(WHAT TO DO): Check each line of the records below for the word "carried" and copy those where it appears.

(ENTRIES SUPPLIED):

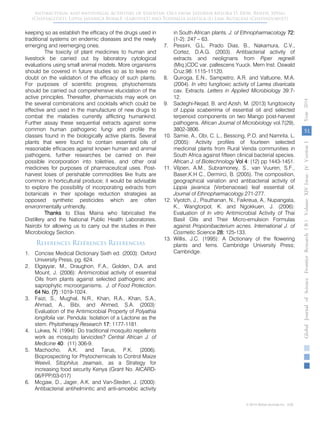 keeping so as establish the efficacy of the drugs used in
traditional systems on endemic diseases and the newly
emerging and reemerging ones.
The toxicity of plant medicines to human and
livestock be carried out by laboratory cytological
evaluations using small animal models. More organisms
should be covered in future studies so as to leave no
doubt on the validation of the efficacy of such plants.
For purposes of scientific progress, phytochemists
should be carried out comprehensive elucidation of the
active principles. Thereafter, pharmacists may work on
the several combinations and cocktails which could be
effective and used in the manufacture of new drugs to
combat the maladies currently afflicting humankind.
Further assay these sequential extracts against some
common human pathogenic fungi and profile the
classes found in the biologically active plants. Several
plants that were found to contain essential oils of
reasonable efficacies against known human and animal
pathogens, further researches be carried on their
possible incorporation into toiletries, and other oral
medicines for purposes of pharmaceutical uses. Post-
harvest loses of perishable commodities like fruits are
common in horticultural produce; it would be advisable
to explore the possibility of incorporating extracts from
botanicals in their spoilage reduction strategies as
opposed synthetic pesticides which are often
environmentally unfriendly.
Thanks to Elias Maina who fabricated the
Distillery and the National Public Health Laboratories,
Nairobi for allowing us to carry out the studies in their
Microbiology Section.
References Références Referencias
1. Concise Medical Dictionary Sixth ed. (2003): Oxford
University Press, pg. 624.
2. Elgayyar, M., Draughon, F.A., Golden, D.A. and
Mount, J. (2006): Antimicrobial activity of essential
Oils from plants against selected pathogenic and
saprophytic microorganisms. J. of Food Protection.
64 No. (7) :1019-1024.
3. Faizi, S., Mughal, N.R., Khan, R.A., Khan, S.A.,
Ahmad, A., Bibi, and Ahmed, S.A. (2003):
Evaluation of the Antimicrobial Property of Polyathia
longifolia var. Pendula: Isolation of a Lactone as the
stem. Phytotherapy Research 17: 1177-1181.
4. Lukwa, N. (1994): Do traditional mosquito repellents
work as mosquito larvicides? Central African J. of
Medicine 40: (11) 306-9.
5. Machocho, A.K. and Tarus, P.K. (2006).
Bioprospecting for Phytochemicals to Control Maize
Weevil, Sitophilus zeamais, as a Strategy for
increasing food security Kenya (Grant No. AICARD-
06/FPP/03-017)
6. Mcgaw, D., Jager, A.K. and Van-Steden, J. (2000):
Antibacterial antihelmintic and anti-amoebic activity
in South African plants. J. of Ethnopharmacology 72:
(1-2): 247 – 63.
7. Pessini, G.L. Prado Dias, B., Nakamura, C.V.,
Cortez, D.A.G. (2003). Antibacterial activity of
extracts and neolignans from Piper regnelli
(Miq.)CDC var. pallescens Yuuck. Mem Inst. Oswald
Cruz.98: 1115-11120.
8. Quiroga, E.N., Sampietro, A.R. and Valtuone, M.A.
(2004). In vitro fungitoxic activity of Larrea divaricata
cav. Extracts. Letters in Applied Microbiology 39:7-
12.
9. Sadeghi-Nejad, B. and Azish, M. (2013) fungitoxicity
of Lippia scaberrima of essential oil and selected
terpenoid components on two Mango post-harvest
pathogens. African Journal of Microbiology vol.7(29),
3802-3806.
10. Samie, A., Obi, C. L., Bessong, P.O. and Namrita, L.
(2005): Activity profiles of fourteen selected
medicinal plants from Rural Venda communities in
South Africa against fifteen clinical bacterial species.
African J. of Biotechnology Vol 4: (12) pp 1443-1451.
11. Viljoen, A.M., Subramoney, S., van Vuuren, S.F.,
Baser,K.H C., Dermirci, B. (2005). The composition,
geographical variation and antibacterial activity of
Lippia javanica (Verbenaceae) leaf essential oil.
Journal of Ethnopharmacology.271-277.
12. Viyotch, J., Pisuthanan, N., Faikreua, A., Nupangata,
K., Wangtorpol, K. and Ngokkuen, J. (2006):
Evaluation of In vitro Antimicrobial Activity of Thai
Basil Oils and Their Micro-emulsion Formulas
against Propionibacterium acnes. International J. of
Cosmetic Science 28: 125-133.
13. Willis, J.C. (1995): A Dictionary of the flowering
plants and ferns. Cambridge University Press;
Cambridge.
51
GlobalJournalofScienceFrontierResearchVolumeXIVIssueersionIVIVYear2014B))
© 2014 Global Journals Inc. (US)
Antibacterial and Antifungal Activities of Essential Oils from Satureia biflora D. Don, Benth, Speng
(Chepsagitiet). Lippia javanica Burm.F. (Labotuet) and Toddalia asiatica (L) Lam. Rutaceae (Chepindoruet)
 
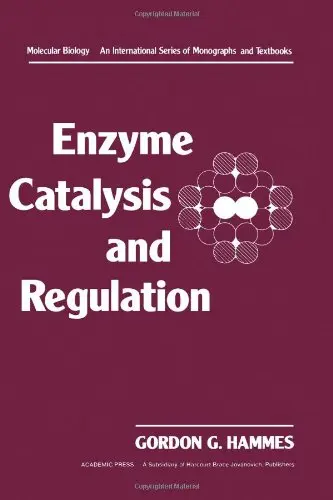 Cover of Enzyme Catalysis and Regulation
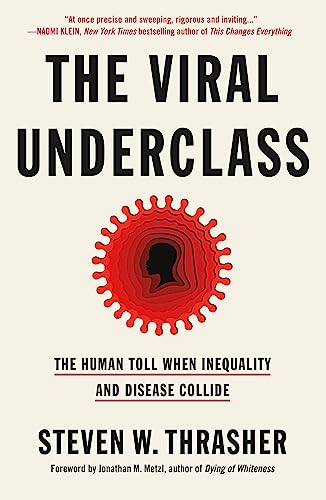 The Viral Underclass: The Human Toll When Inequality and Disease Collide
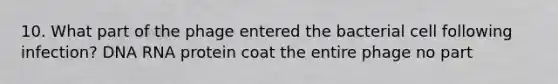 10. What part of the phage entered the bacterial cell following infection? DNA RNA protein coat the entire phage no part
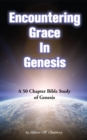 Image for Encountering Grace in Genesis: A 50 Chapter Bible Study On Genesis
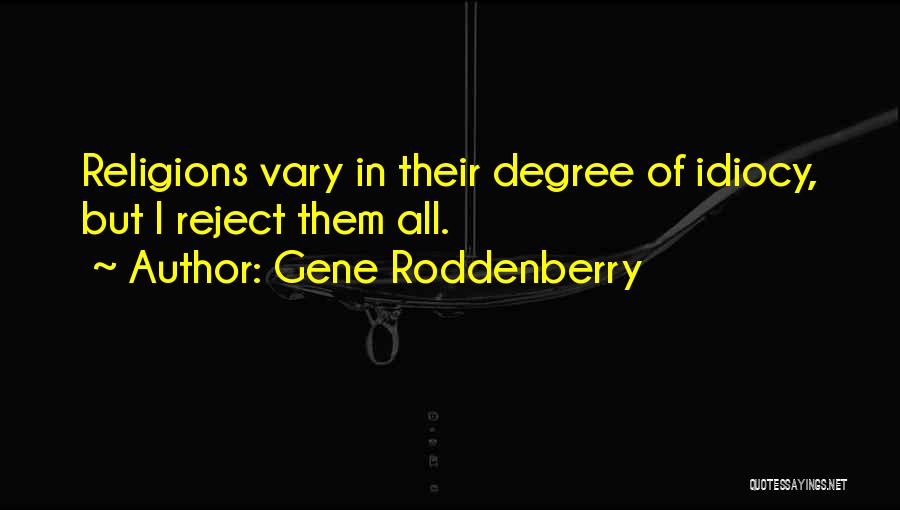 Gene Roddenberry Quotes 1127686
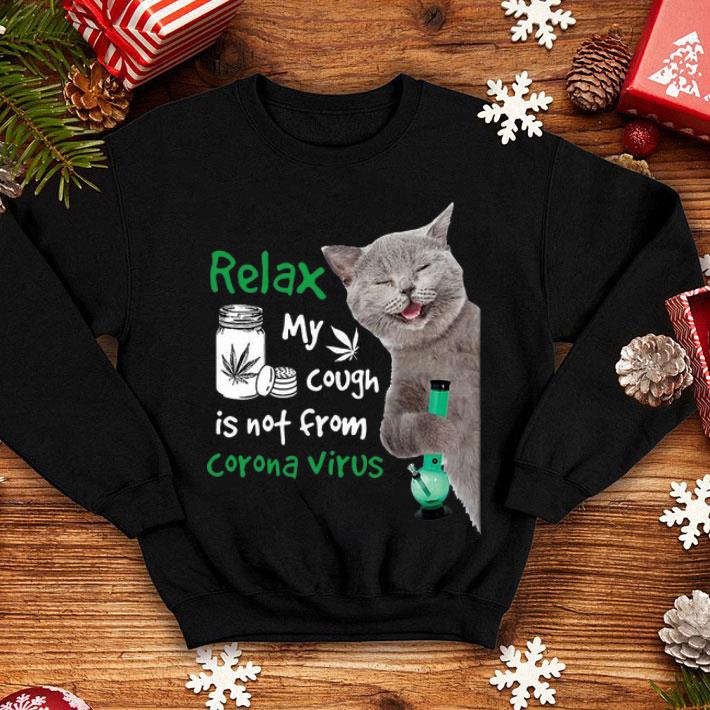 Cat Relax My Cough Is Not From Coronavirus Weed Smoking shirt 1 Cat Relax My Cough Is Not From Coronavirus Weed Smoking shirt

(EXPECTED ANSWER):
livestock be carried out by laboratory cytological
should be carried out comprehensive elucidation of the
pathogens, further researches be carried on their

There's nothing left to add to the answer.